• WHAT YOU NEED TO DO
Pictures stay out; please output the remaining data exactly.

• AVAILABLE DATA
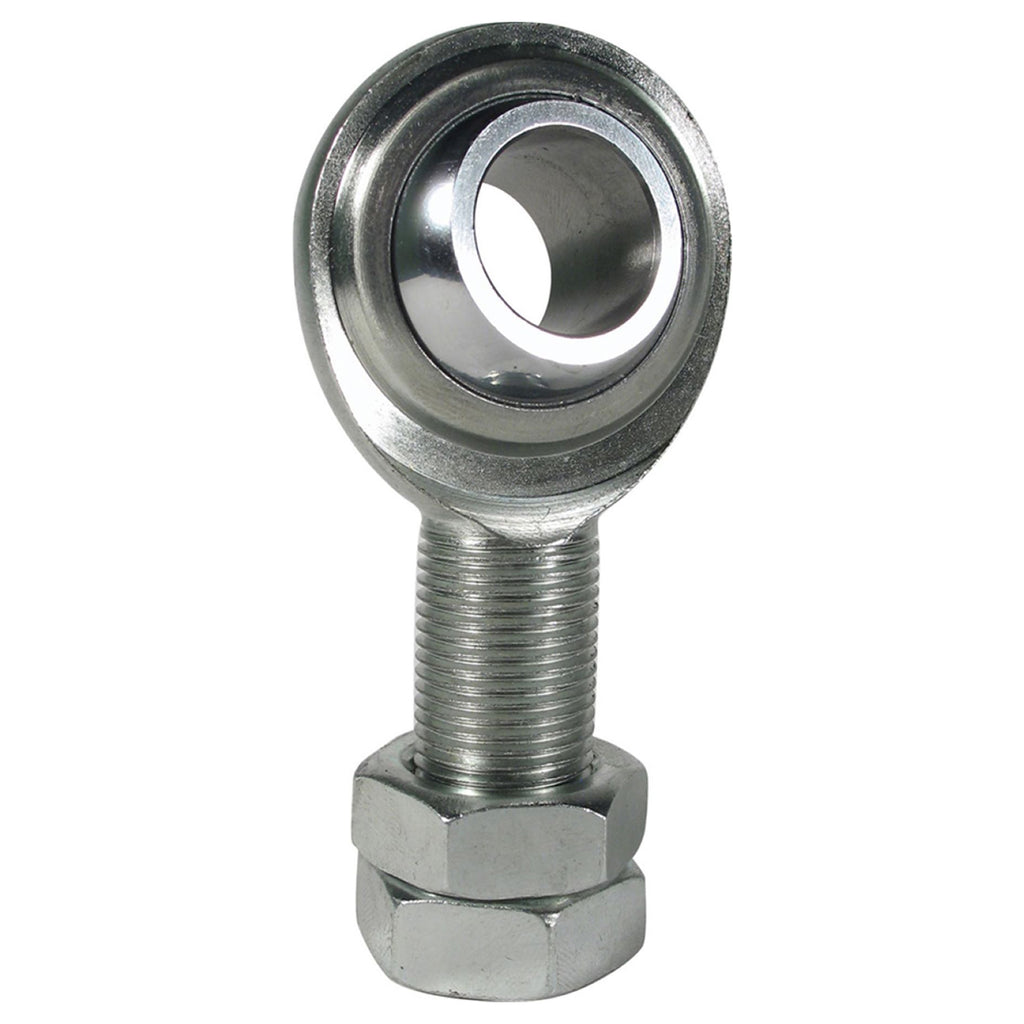 Borgeson 710000 3/4in. ID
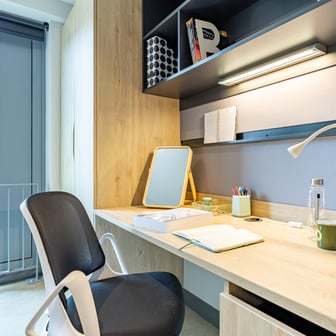 Classic En Suite - Image 2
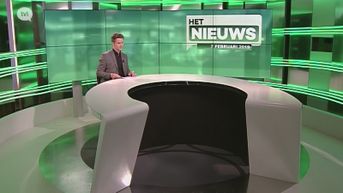 TVL Nieuws, 7 februari 2019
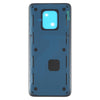 Xiaomi Redmi 10X/10X Pro 5G Battery Cover - Gold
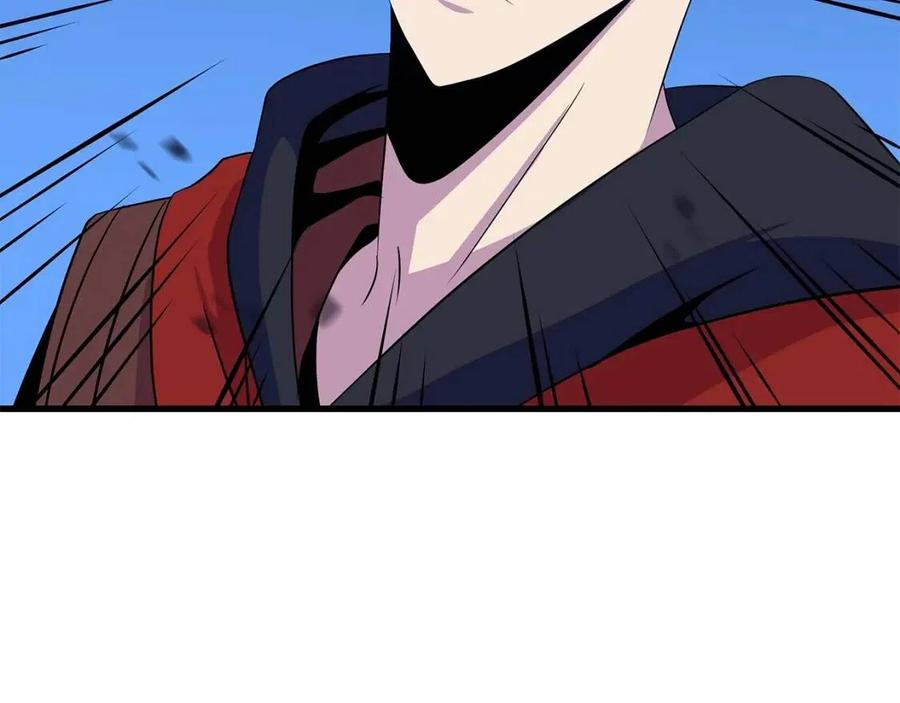第25话 狩猎之秘110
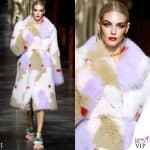 da gigi hadid a vittoria ceretti: le top model attese per la milano fashion week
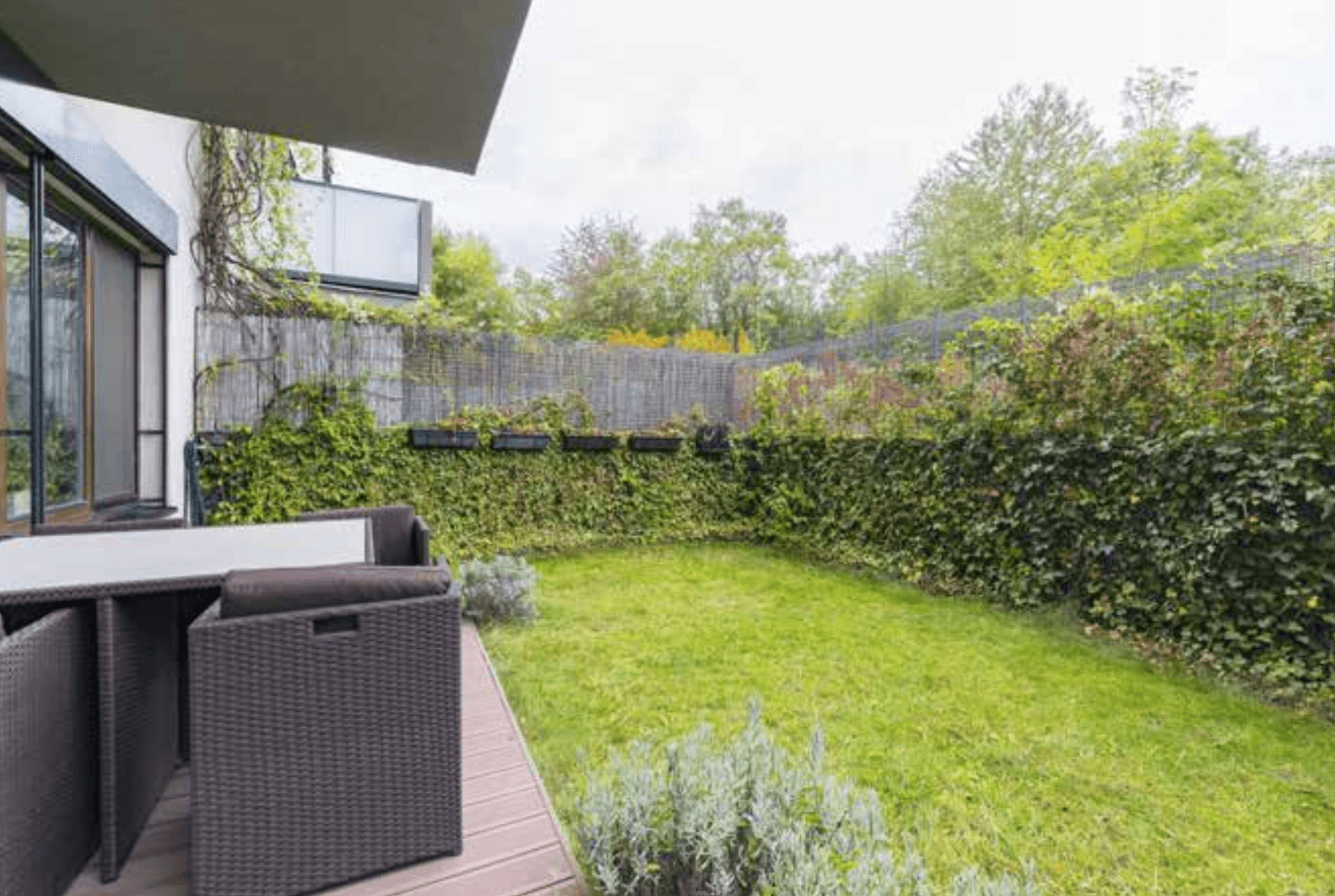 Prenájom bytu 2-izbový 50 m², Plzeňská, Praha, Praha Prenájom bytu 2-izbový 50 m², Plzeňská, Praha, Praha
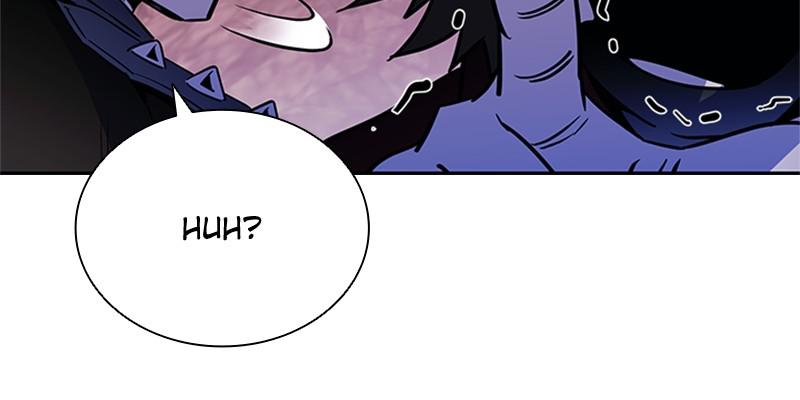 Villain to Kill Episode 75 134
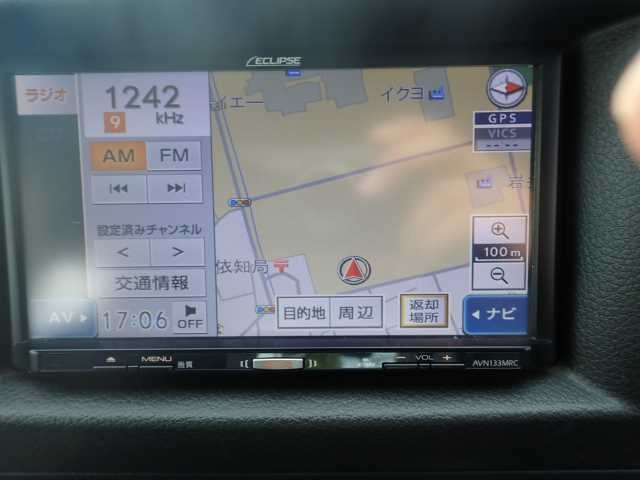 NISSAN CARAVAN VAN 2017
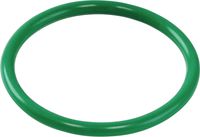 Кольцо уплотнительное Volvo Penta D4-6, D61-75, D162-165, Recmar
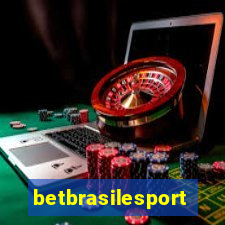 betbrasilesportes.net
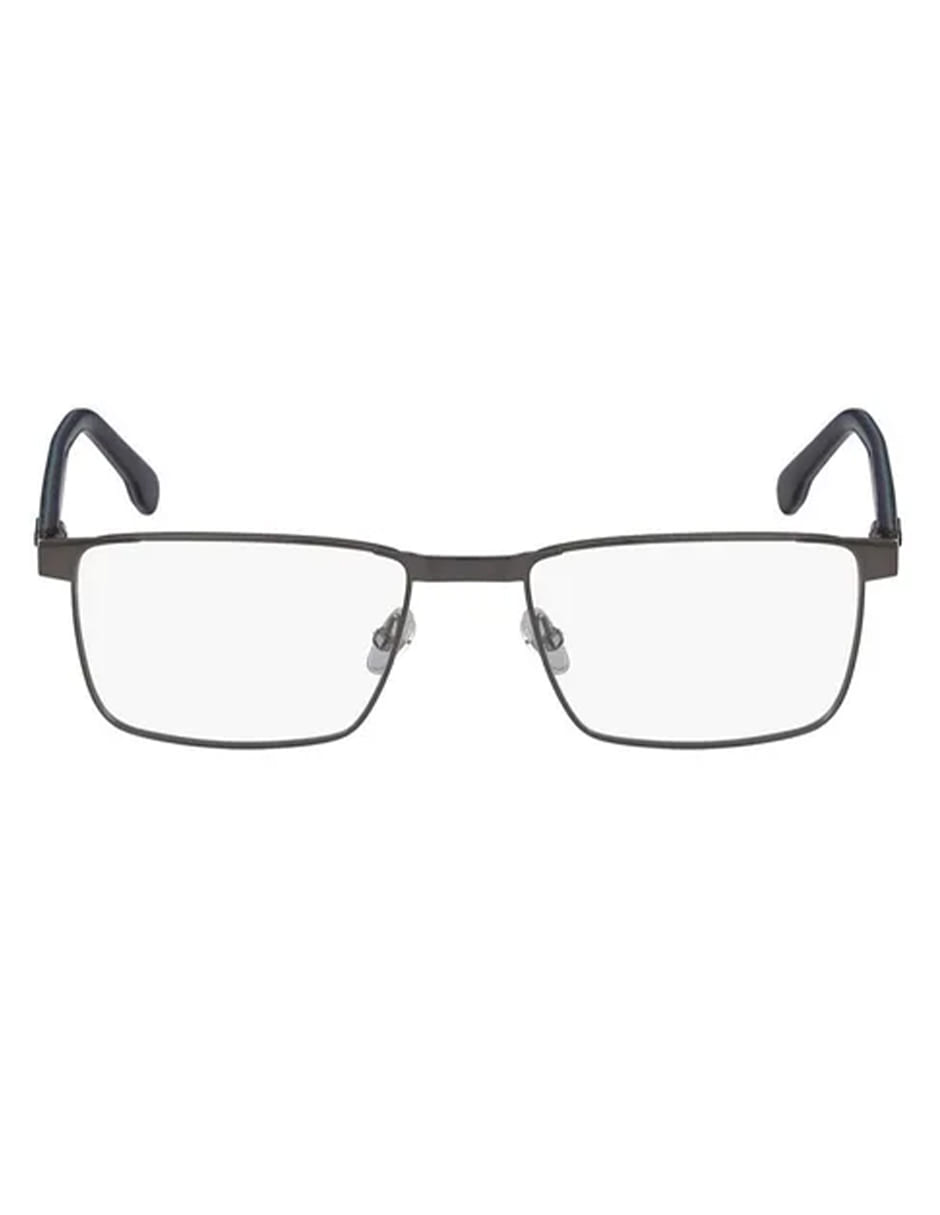 ARMAZON OFTALMICO LACOSTE L2243 033
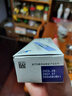 【原研進口】3盒裝 諾和泰 司美格魯肽注射液1.34mg:1ml*3ml 曬單實拍圖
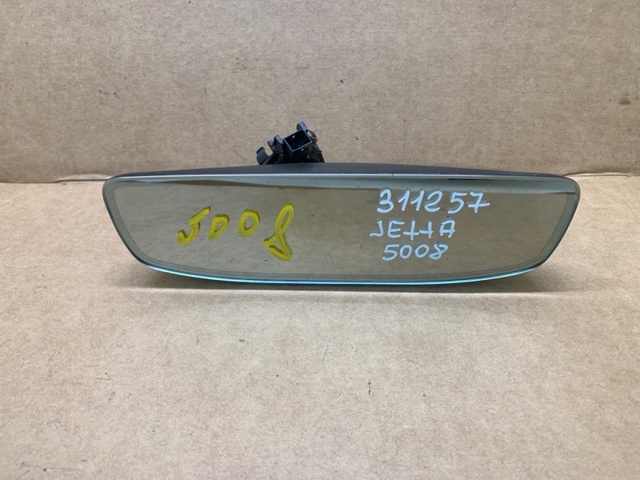 Салонное зеркало 3G0857511AT VAG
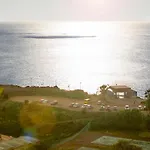 Garajau I by Travel to Madeira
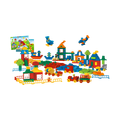 Гигантский набор. Duplo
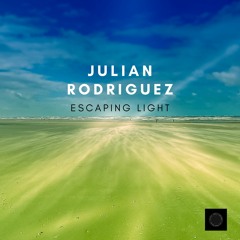 Julian Rodriguez - Escaping Light (Dahny Hadal Remix)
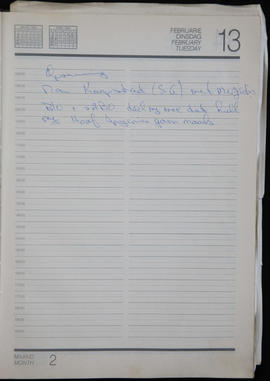 swart_diary 1990_044.tif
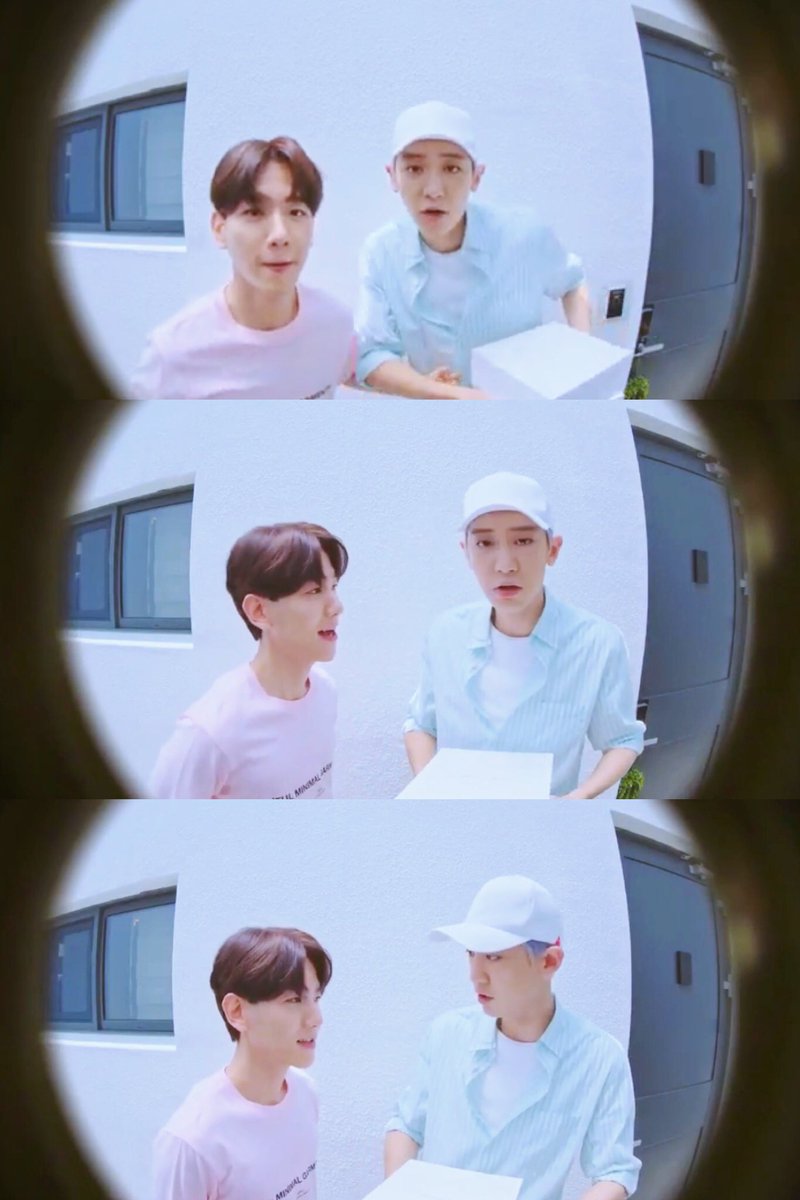 puppystore_1992's tweet photo. 😭😭😭😭 https://t.co/aRNymSBGU4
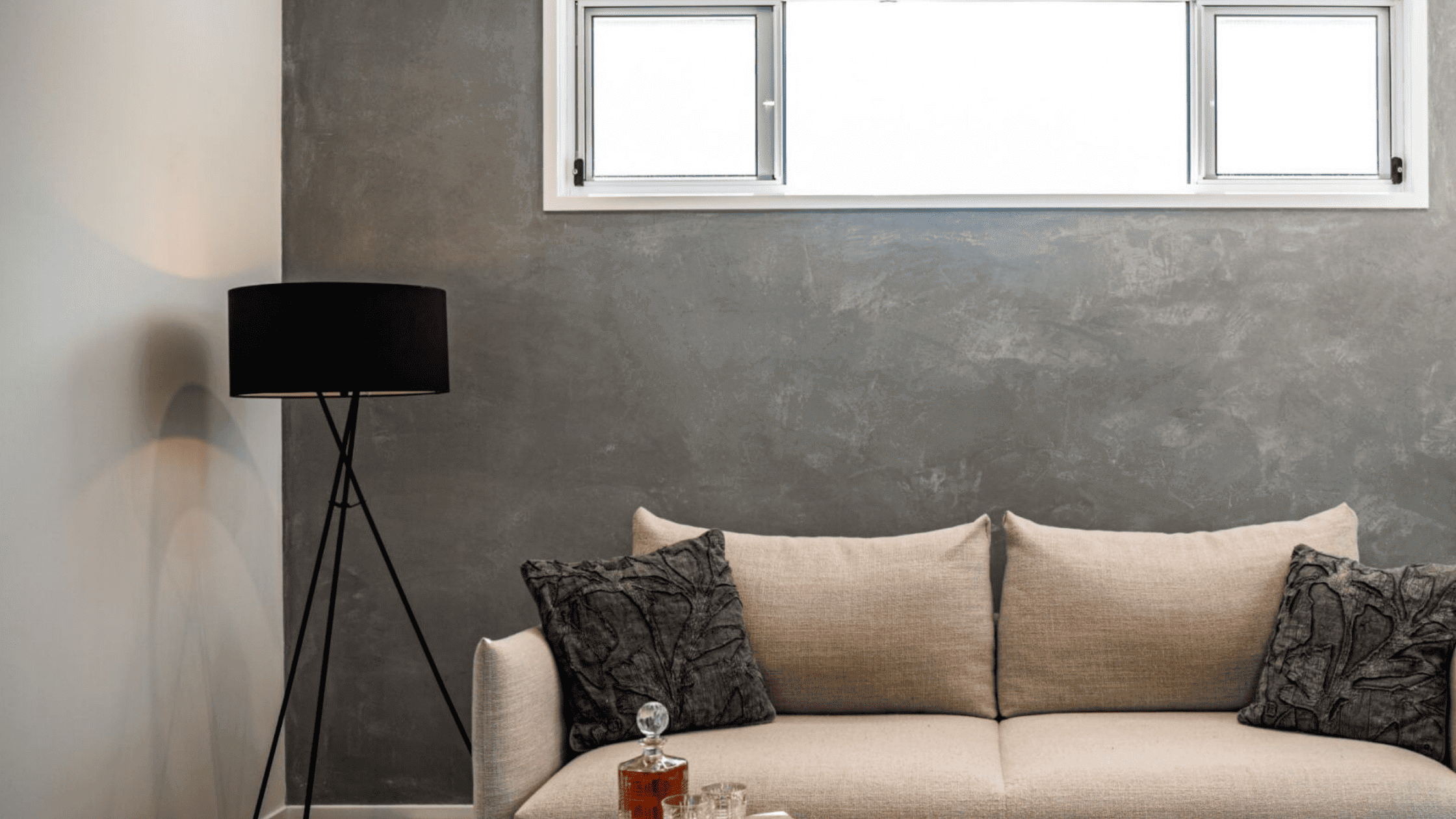 Sustainable Plastering Solutions: The Importance for You and The Environment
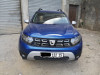 Dacia Duster 2022 1.5 dCi AddBlue Prestige+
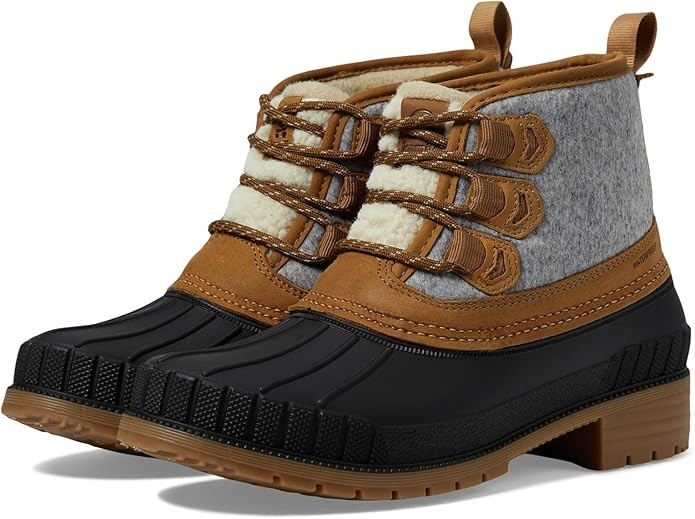 Kamik Women's Sienna Lo Snow Boot | Amazon (US)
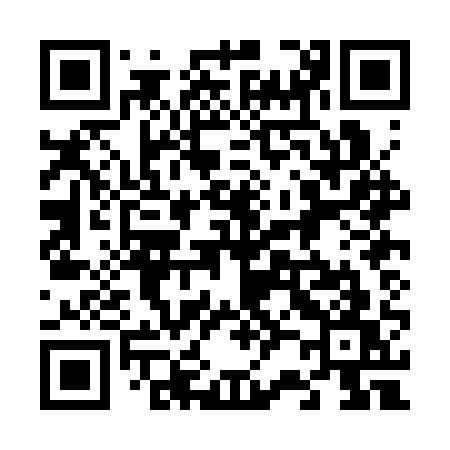 QR code for 620CQW
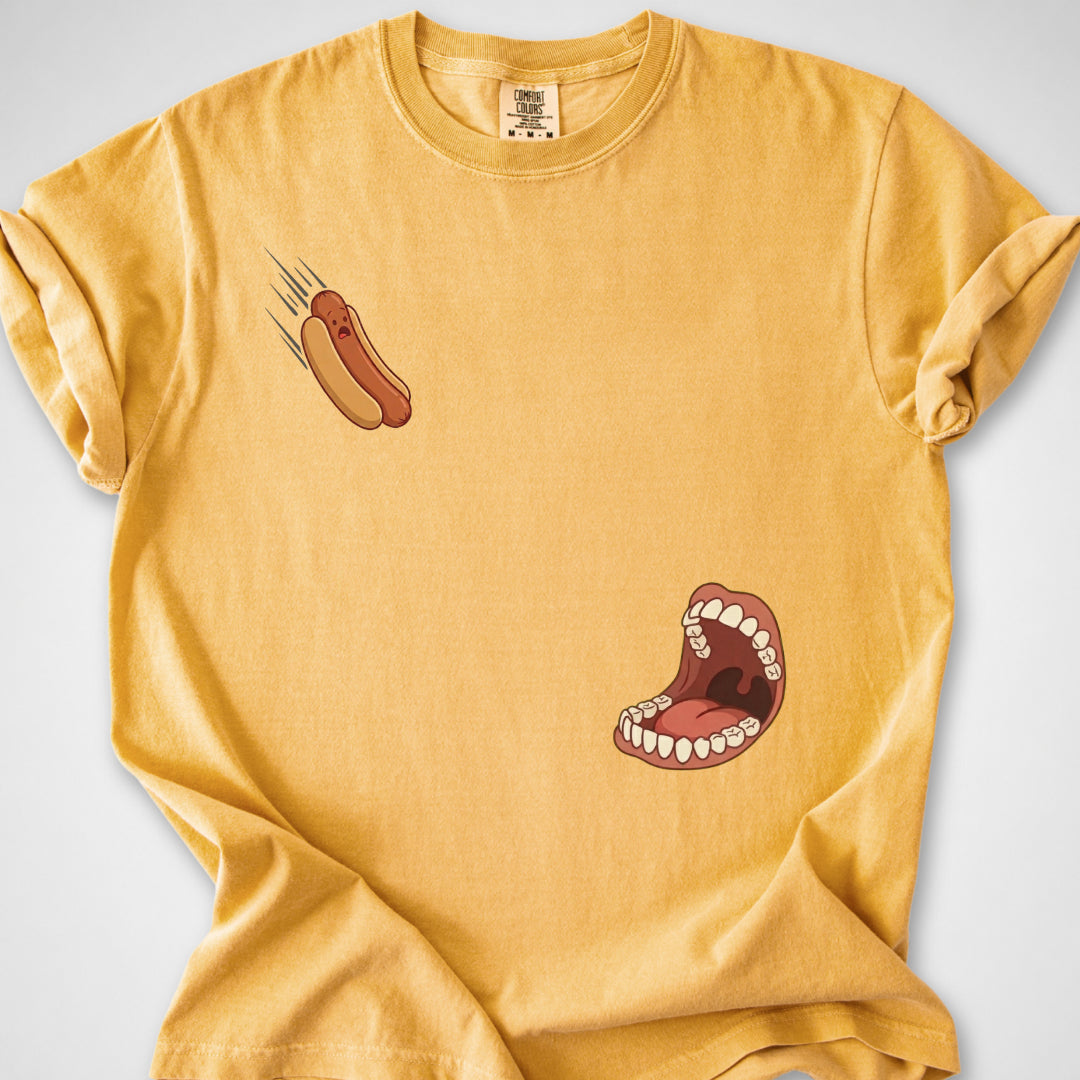Mustard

• RESPONSE AREA
 Borgeson 710000 3/4in. ID
 Classic En Suite - Image 2
 TVL Nieuws, 7 februari 2019
 Xiaomi Redmi 10X/10X Pro 5G Battery Cover - Gold
第25话 狩猎之秘110
 da gigi hadid a vittoria ceretti: le top model attese per la milano fashion week
 Prenájom bytu 2-izbový 50 m², Plzeňská, Praha, Praha Prenájom bytu 2-izbový 50 m², Plzeňská, Praha, Praha
 Villain to Kill Episode 75 134
 NISSAN CARAVAN VAN 2017
 Кольцо уплотнительное Volvo Penta D4-6, D61-75, D162-165, Recmar
 betbrasilesportes.net
 ARMAZON OFTALMICO LACOSTE L2243 033
 【原研進口】3盒裝 諾和泰 司美格魯肽注射液1.34mg:1ml*3ml 曬單實拍圖
 Салонное зеркало 3G0857511AT VAG
 Garajau I by Travel to Madeira
 Гигантский набор. Duplo
 Julian Rodriguez - Escaping Light (Dahny Hadal Remix)
 swart_diary 1990_044.tif
 puppystore_1992's tweet photo. 😭😭😭😭 https://t.co/aRNymSBGU4
 Sustainable Plastering Solutions: The Importance for You and The Environment
 Dacia Duster 2022 1.5 dCi AddBlue Prestige+
 Kamik Women's Sienna Lo Snow Boot | Amazon (US)
 QR code for 620CQW
Mustard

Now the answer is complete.